A. Create an Amazon EFS file system. Configure a mount target in each Availability Zone. Attach each instance to the appropriate mount target.

Explanation

The solution that meets the requirements of allowing multiple Amazon EC2 instances to access a common data source used for mission-critical data that can be accessed simultaneously, while being highly scalable, easy to implement, and supporting the NFS protocol, is:

A. Create an Amazon EFS file system. Configure a mount target in each Availability Zone. Attach each instance to the appropriate mount target.

Amazon Elastic File System (EFS) is a fully managed file storage service that is compatible with the Network File System (NFS) protocol. It allows multiple EC2 instances to access a common data source simultaneously. By creating an EFS file system and configuring mount targets in each Availability Zone, you ensure high availability and fault tolerance. Each EC2 instance can then be attached to the appropriate mount target, allowing them to access the shared data.

Option B suggests creating an additional EC2 instance as a file server, which introduces unnecessary complexity and may not scale well.

Option C suggests using Amazon S3, which is an object storage service and does not directly support the NFS protocol.

Option D suggests using Amazon EBS volumes, but they are not shared by multiple instances simultaneously and would require additional configuration and management to achieve the desired outcome.

Therefore, option A is the correct solution for the given requirements.

Question 1290

Exam Question

A company has a build server that is in an Auto Scaling group and often has multiple Linux instances running.

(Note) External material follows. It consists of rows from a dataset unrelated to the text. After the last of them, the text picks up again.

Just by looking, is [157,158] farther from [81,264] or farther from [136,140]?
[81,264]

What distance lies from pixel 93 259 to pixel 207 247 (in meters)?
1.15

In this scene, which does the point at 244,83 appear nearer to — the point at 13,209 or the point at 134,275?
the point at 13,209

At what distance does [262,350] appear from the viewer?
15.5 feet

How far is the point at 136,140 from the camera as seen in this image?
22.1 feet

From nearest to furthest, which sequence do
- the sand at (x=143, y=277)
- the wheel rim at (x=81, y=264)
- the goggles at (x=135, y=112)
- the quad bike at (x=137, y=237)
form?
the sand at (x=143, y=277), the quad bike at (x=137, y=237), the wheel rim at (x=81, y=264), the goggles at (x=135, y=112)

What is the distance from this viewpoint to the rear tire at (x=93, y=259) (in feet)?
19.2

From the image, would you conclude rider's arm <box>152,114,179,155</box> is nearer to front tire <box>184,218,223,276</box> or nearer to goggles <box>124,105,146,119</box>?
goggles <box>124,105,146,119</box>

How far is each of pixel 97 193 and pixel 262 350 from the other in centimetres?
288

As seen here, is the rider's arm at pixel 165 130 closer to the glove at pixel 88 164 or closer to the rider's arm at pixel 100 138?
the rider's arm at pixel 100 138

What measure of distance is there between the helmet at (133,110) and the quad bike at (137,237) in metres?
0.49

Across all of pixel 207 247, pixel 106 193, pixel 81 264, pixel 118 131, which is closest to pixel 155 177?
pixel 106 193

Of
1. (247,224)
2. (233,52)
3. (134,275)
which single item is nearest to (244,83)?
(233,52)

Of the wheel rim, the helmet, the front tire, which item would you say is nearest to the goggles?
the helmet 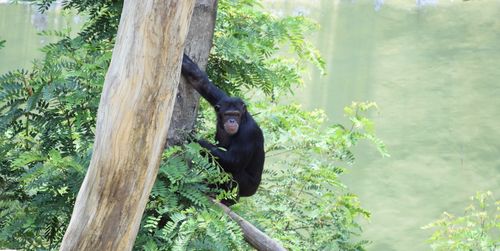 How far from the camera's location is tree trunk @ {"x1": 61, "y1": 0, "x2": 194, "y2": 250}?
327 centimetres

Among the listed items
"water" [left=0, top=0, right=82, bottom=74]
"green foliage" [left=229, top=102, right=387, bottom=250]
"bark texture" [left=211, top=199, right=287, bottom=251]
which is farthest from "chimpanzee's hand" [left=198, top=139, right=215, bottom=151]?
"water" [left=0, top=0, right=82, bottom=74]

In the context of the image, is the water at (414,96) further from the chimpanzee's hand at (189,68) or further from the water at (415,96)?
the chimpanzee's hand at (189,68)

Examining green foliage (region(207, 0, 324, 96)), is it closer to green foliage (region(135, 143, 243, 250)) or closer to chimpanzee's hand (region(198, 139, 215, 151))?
chimpanzee's hand (region(198, 139, 215, 151))

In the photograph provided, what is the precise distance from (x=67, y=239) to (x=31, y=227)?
1106mm

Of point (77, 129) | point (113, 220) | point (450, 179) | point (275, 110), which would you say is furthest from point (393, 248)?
point (113, 220)

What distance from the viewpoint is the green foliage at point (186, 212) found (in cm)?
402

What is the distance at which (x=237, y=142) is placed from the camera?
533cm

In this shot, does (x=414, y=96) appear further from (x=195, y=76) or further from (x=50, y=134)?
(x=50, y=134)

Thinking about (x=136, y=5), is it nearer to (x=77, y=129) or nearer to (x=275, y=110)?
(x=77, y=129)

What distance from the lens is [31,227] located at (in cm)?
438

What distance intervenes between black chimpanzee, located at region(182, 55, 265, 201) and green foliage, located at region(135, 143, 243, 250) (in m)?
0.58

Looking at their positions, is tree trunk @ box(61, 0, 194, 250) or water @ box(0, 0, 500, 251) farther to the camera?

The build server requires consistent and mountable shared NFS storage for jobs and configurations.

Which storage option should a solutions architect recommend?

A. Amazon S3
B. Amazon FSx
C. Amazon Elastic Block Store (Amazon EBS)
D. Amazon Elastic File System (Amazon EFS)

Correct Answer

D. Amazon Elastic File System (Amazon EFS)

Explanation

In this scenario, the most suitable storage option for consistent and mountable shared NFS storage would be D. Amazon Elastic File System (Amazon EFS).

Amazon EFS is a fully managed, scalable file storage service that is designed to provide shared access to files across multiple instances. It supports the Network File System (NFS) protocol, which makes it compatible with Linux instances.

Here’s why Amazon EFS is the recommended option:

1. Shared Access: Amazon EFS allows multiple instances to mount the same file system concurrently, enabling shared access to files. This is essential for a build server that requires consistent and mountable shared NFS storage.
2. Scalability: Amazon EFS automatically scales storage capacity as per the requirements of the application. It can handle thousands of concurrent connections, making it suitable for an Auto Scaling group with multiple instances.
3. Performance: Amazon EFS provides low-latency performance, ensuring efficient access to the shared storage. It also offers consistent performance, regardless of the number of instances accessing the file system.
4. Durability and Availability: Amazon EFS is designed to provide high durability and availability. It stores data redundantly across multiple Availability Zones, ensuring data resilience and accessibility.

On the other hand, the other options are less suitable:

• A. Amazon S3 is an object storage service and does not provide native support for NFS. While it can be used for storing files, it doesn’t offer the same level of mountable and shared access as Amazon EFS.
• B. Amazon FSx is a managed file storage service, but it is optimized for Windows-based workloads and uses the SMB protocol. It is not specifically designed for NFS-based Linux instances.
• C. Amazon Elastic Block Store (Amazon EBS) provides block-level storage for individual EC2 instances but does not offer the shared access and scalability needed for multiple instances to mount the same file system concurrently.

Therefore, the best choice in this scenario is D. Amazon Elastic File System (Amazon EFS).